Spin and charge gaps in the one-dimensional Kondo-lattice model with Coulomb interaction between conduction electrons

TL;DR

This study uses the density-matrix renormalization-group method to analyze how spin and charge gaps in a one-dimensional Kondo-lattice model depend on exchange interaction and Coulomb repulsion, revealing their growth and exponential decay behaviors.

Contribution

It provides a detailed numerical analysis of spin and charge gaps in the 1D Kondo-lattice model with Coulomb interaction, including their dependence on model parameters and asymptotic behaviors.

Findings

Both gaps increase with J and U_c.

Spin gap vanishes exponentially as J approaches zero.

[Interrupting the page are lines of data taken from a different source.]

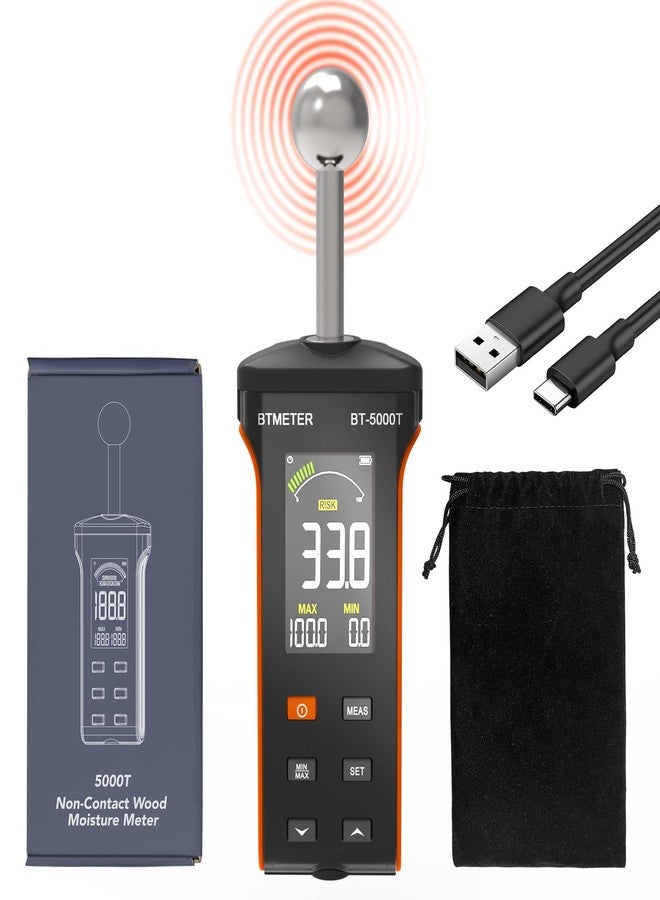 BTMETER Wood Moisture Meter - Pinless Moisture Detector Measur Depth 20-40mm Non-Destructive Moisture Tester with Masonry Spherical Sensor Sound Alarm LCD Display for Firewood Walls Flooring Concrete - Image 1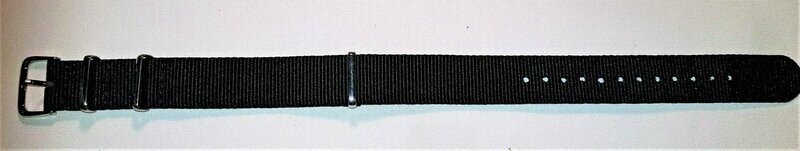 Black Fabric NATO style one size  Wristband    
(Strap Only - does not include Token)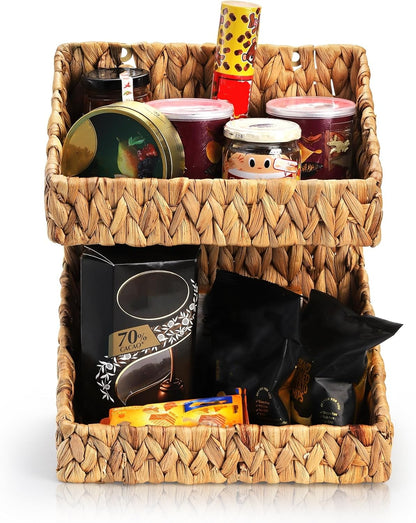 Pumtus 2-tier Handwoven Storage Basket, Water Hyacinth Standing Rack, Kitchen Countertop Organizer, Hanging Bathroom Basket, Fruit Vegetable Holder, Storage Shelf for Home Organization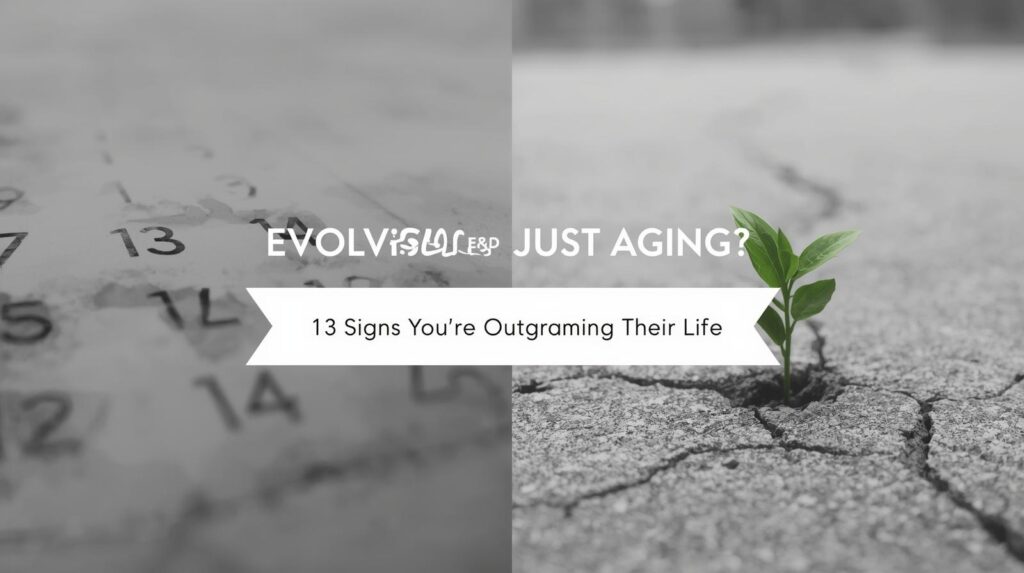 Split image of a dull calendar and a bright new plant with the text ‘Evolving or Just Aging? 13 Signs You’re Outgrowing Your Life’.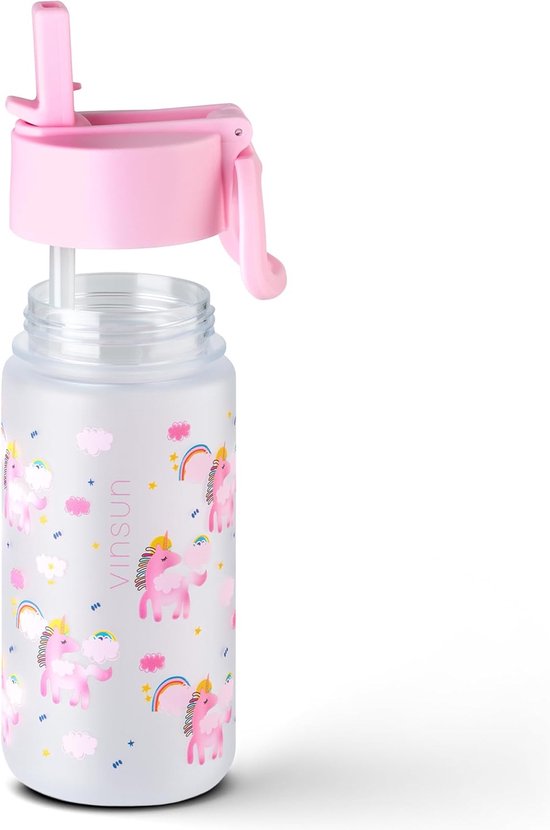 Gourde paille sans BPA enfant paille 450ml en Tritan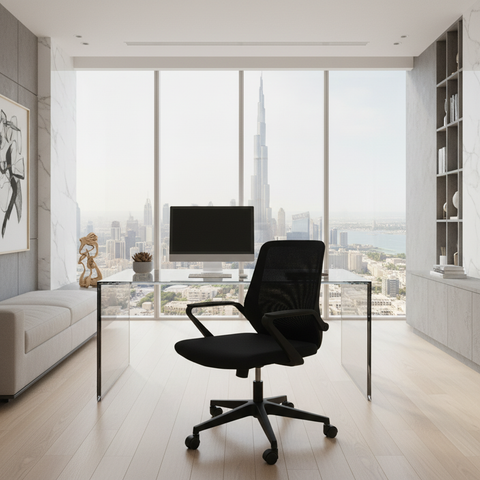 Medium Back Mesh Office Chair UAE | Ergonomic Desk Chair with Nylon Base & Casters | IH 306 GRY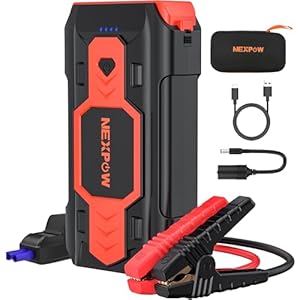 NEXPOW Car Battery Jump Starter 3000A, Portable Jumper Starter (up to 8.0L Gas/8L Diesel Engines) 12V Car Battery Booster Pack with USB Quick Charge 3.0 and 4 LED Modes Red Blue Warning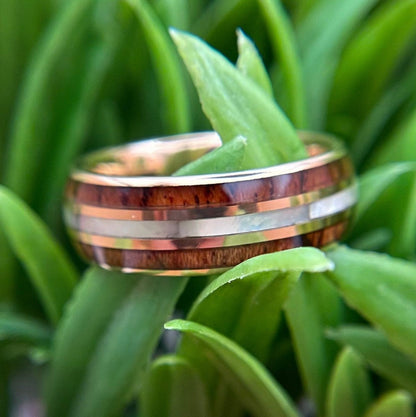 Wooden Pearl - Rose Gold Koa Wood Mother of Pearl Wedding Ring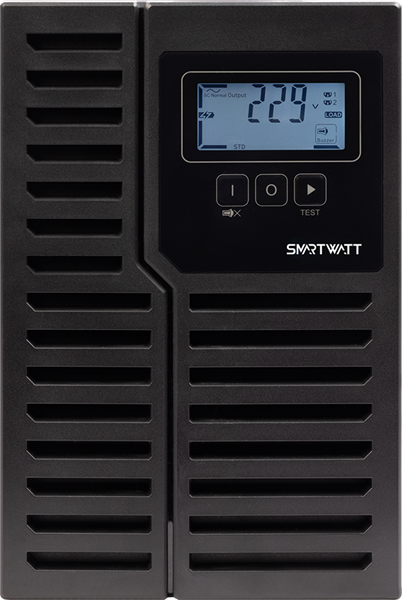 Источник бесперебойного питания SMARTWATT ИБП онлайн, чистый синус, мощность 1000/900 ВА/Вт, напольный, LCD дисплей, порт USB, RS232, EPO, SNMP слот, Shuko socket CEE7/4 - 1 шт., IEC13 - 3 шт., встроенные АКБ 2*9 Ач (3703020430004)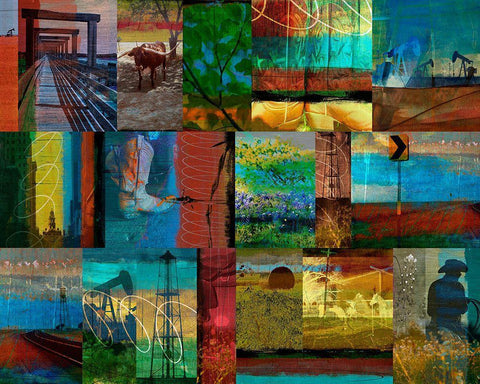 Texas Collage White Modern Wood Framed Art Print with Double Matting by Jasper, Sisa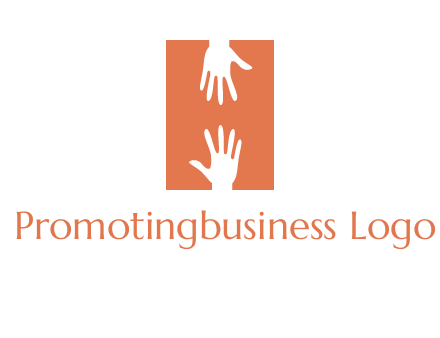 two hands reaching for one another to form an H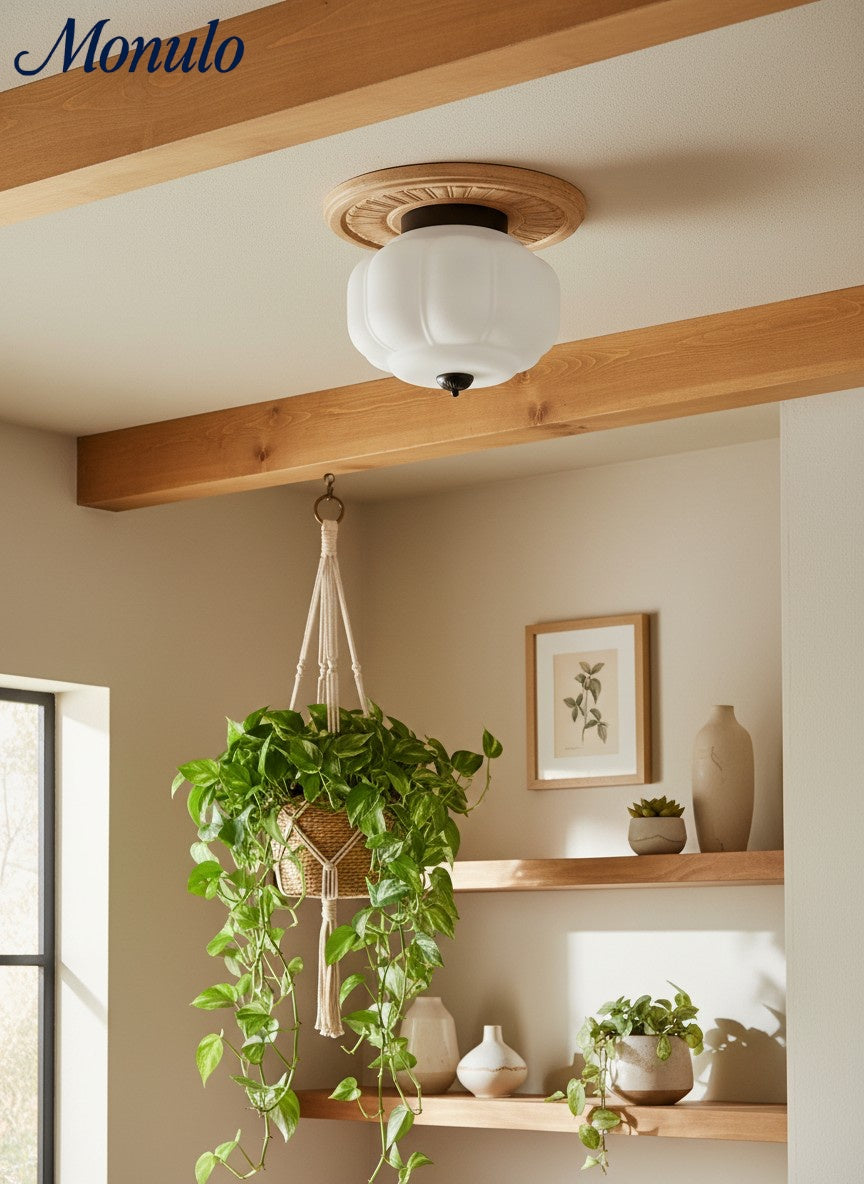 Retro Plafondlamp met Melkglazen Kap – Verfijnde Semi-Flush Mount Verlichting voor Moderne Interieurs | Sansoti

Charge gap remains finite for U_c > 0 as J approaches zero.

Abstract

The density-matrix renormalization-group method is applied to the one-dimensional Kondo-lattice model with the Coulomb interaction between the conduction electrons. The spin and charge gaps are calculated as a function of the exchange constant $J$ and the Coulomb interaction $U_c$. It is shown that both the spin and charge gaps increase with increasing $J$ and $U_c$. The spin gap vanishes in the limit of $J \rightarrow 0$ for any $U_c$ with an exponential form, $\Delta_s\propto \exp{[-1/\alpha (U_c) J \rho]}$. The exponent, $\alpha (U_c)$, is determined as a function of $U_c$. The charge gap is generally much larger than the spin gap. In the limit of $J \rightarrow 0$, the charge gap vanishes as $\Delta_c=\frac{1}{2}J$ for $U_c=0$ but for a finite $U_c$ it tends to a finite value, which is the charge gap of the Hubbard model.